Через некоторое время они перестали пить чай и есть печенье и бесхитростно сидели друг напротив друга, один — с нерастраченными словами, другой — с нерастраченным вниманием. Щепкин говорил о матери. Какой задушевный разговор не предполагает рассказа о корнях? Голос его стал тихий и тягучий.
Мать Щепкина сгинула добровольцем. В том смысле, что в поисках хлеба принимала участие в бесчисленных медицинских экспериментах. В качестве объекта, разумеется.

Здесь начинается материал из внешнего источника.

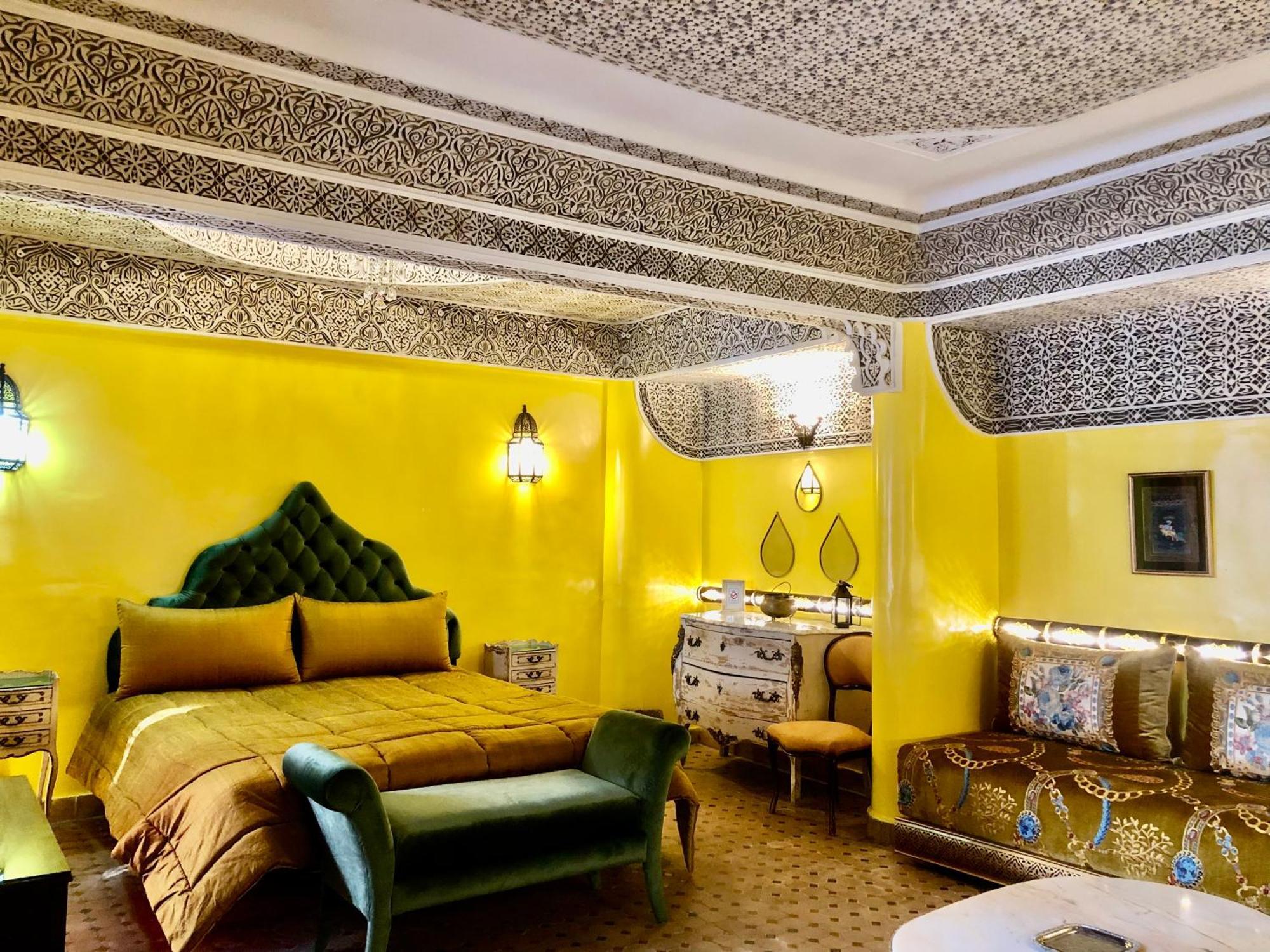 Hotel Riad Ibn Battouta & Spa Fez Zewnętrze zdjęcie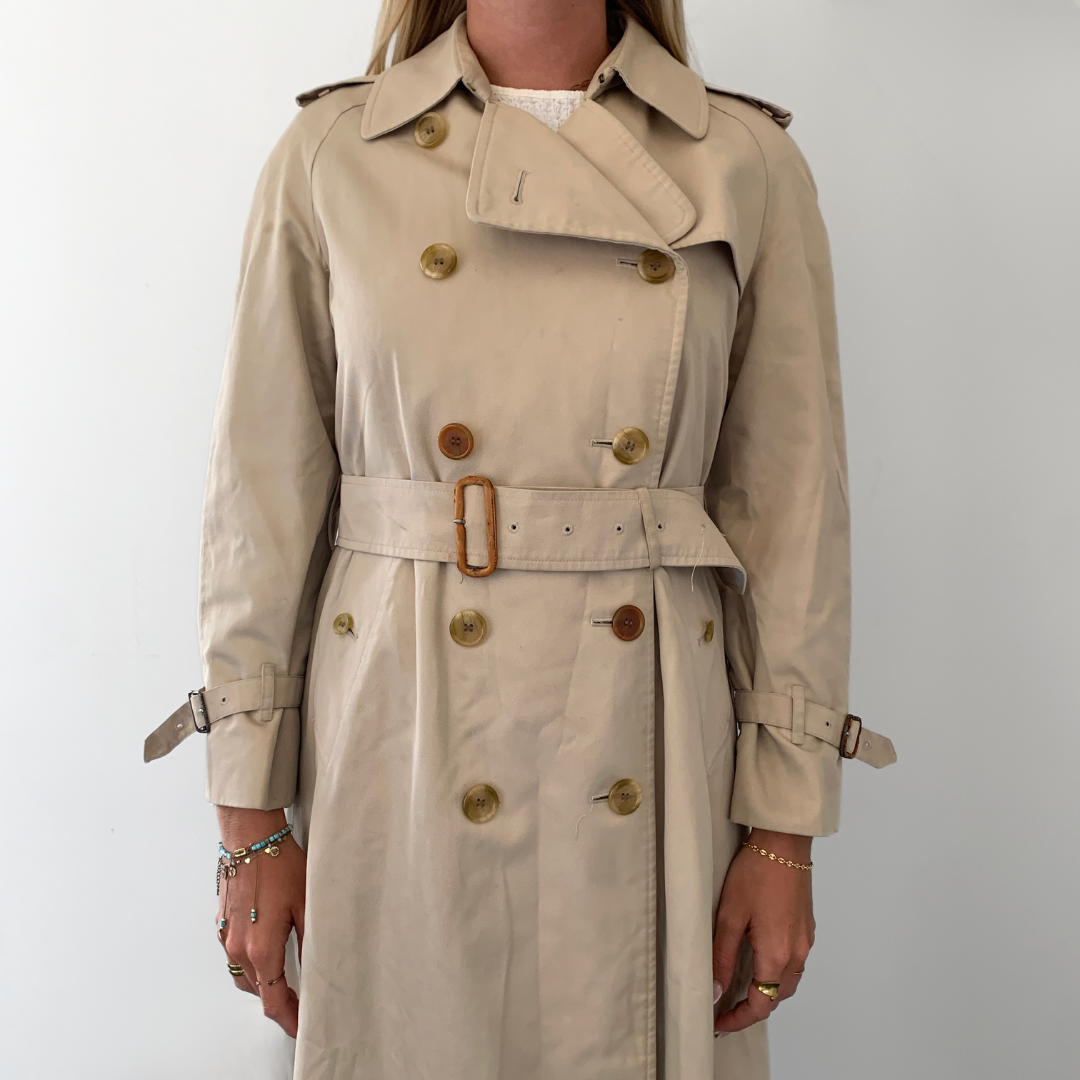 Burberry Trench Coat Cotton l Etoile de Saint Honore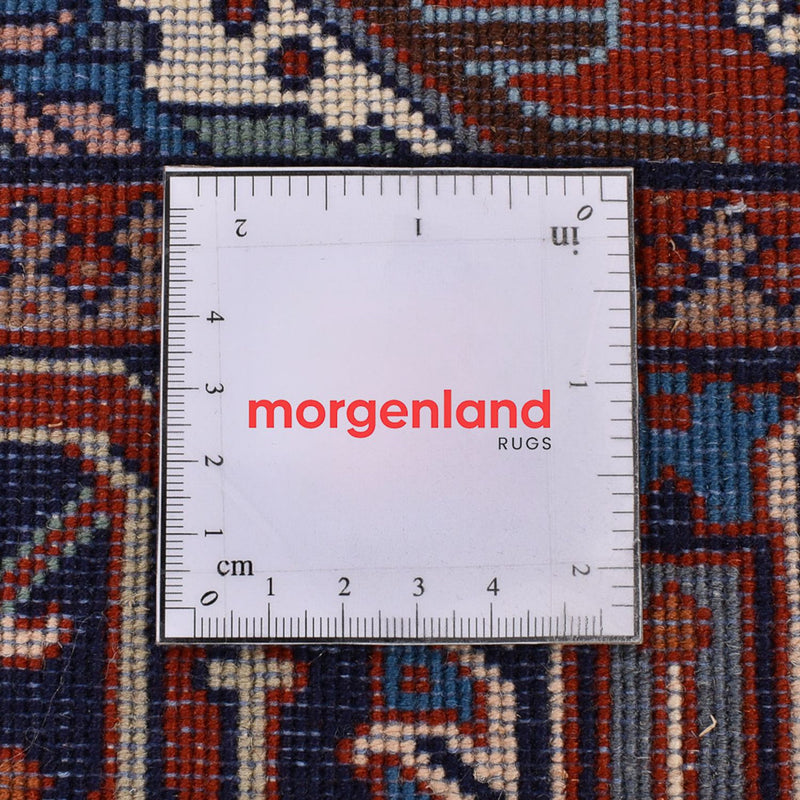 Perski dywan - Nomadyczny - 200 x 133 cm - jasna czerwień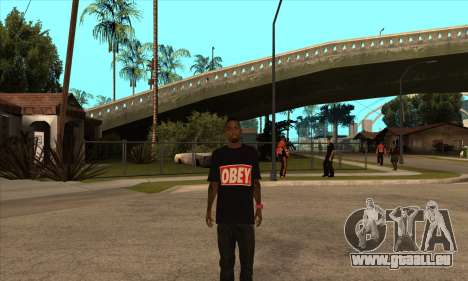 Obey Nigga pour GTA San Andreas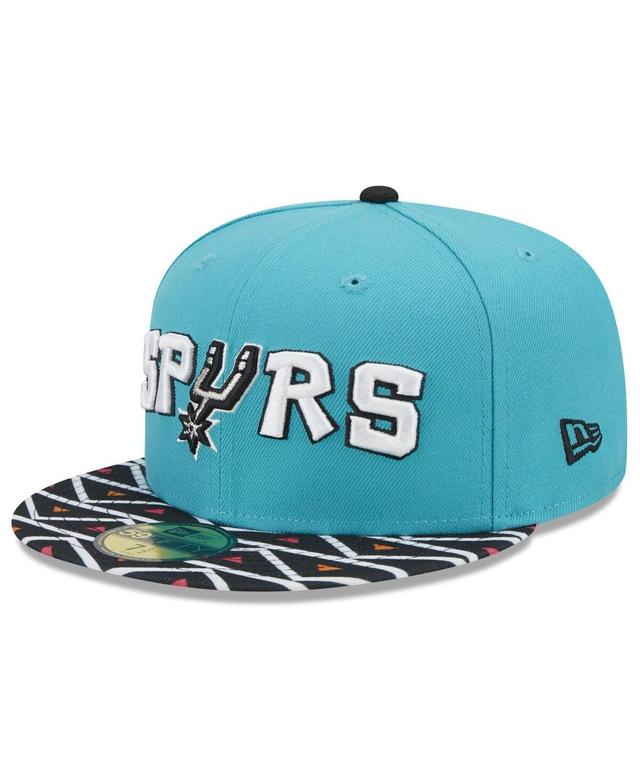 Mens New Era San Antonio Spurs 2022/23 City Edition Official 59FIFTY Fitted Hat Product Image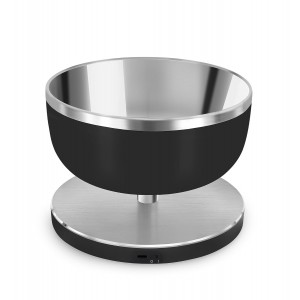 SMEG Contemporary Digital Kitchen Scale with Removable Bowl (Black)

Невысокая женщина, чрезвычайно невысокая женщина в неизменных кедах и спортивных трико — две белые полосы на каждой штанине. Что уж там у нее не получилось, Щепкин никогда не узнал, только вдруг Зоя Ивановна стала уменьшаться и уменьшаться в размерах. Имея и без того скромный рост, за полгода сократилась в дюймовочку — один метр. Сокращение шло поначалу медленно, потом быстрее — в прогрессии. Платили сносно, можно было существовать, потому, сократившись до метра, мать пошла — ведь известно, что ученые отнюдь не испытывают достатка в добровольцах — отправилась на следующий эксперимент. Ее оформили, она подписала контракт и легла в клинику на опыты по замене кальция. Все шло хорошо, Щепкин носил фрукты. Спустя месяц Зоя Ивановна выписалась, вернулась домой. Она принимала какие-то препараты, и Щепкин заметил, что мать сделалась медлительной, сонливой. Спустя месяц она едва шевелилась. Как-то вечером Зоя Ивановна вернулась от подруги, остановилась в коридоре, замерла и окончательно превратилась в маленькую, метровой высоты глыбу.
Щепкин бросился искать концы, но ничего проясняющего не нарыл. Клиники на окраине города, где он бывал у матери, и куда он тут же выехал для выяснения отношений, к тому времени уже не существовало, — он лишь обнаружил пустующие помещения и мусорные кучи медицинского происхождения. Забив тревогу, молодой человек сделал только хуже: на третий день маминого, как это не горько звучит, окаменения, прибыли специалисты из городского музея. Показав наследнику документ, в котором черным по белому мама завещала себя науке, они выволокли Зою Ивановну на улицу, погрузили в машину и увезли в экспозицию. Гибель матери, если это была именно гибель, а не что-то другое, подавила Щепкина на долгое время. Но оклемавшись, он принялся наезжать в злополучный музей.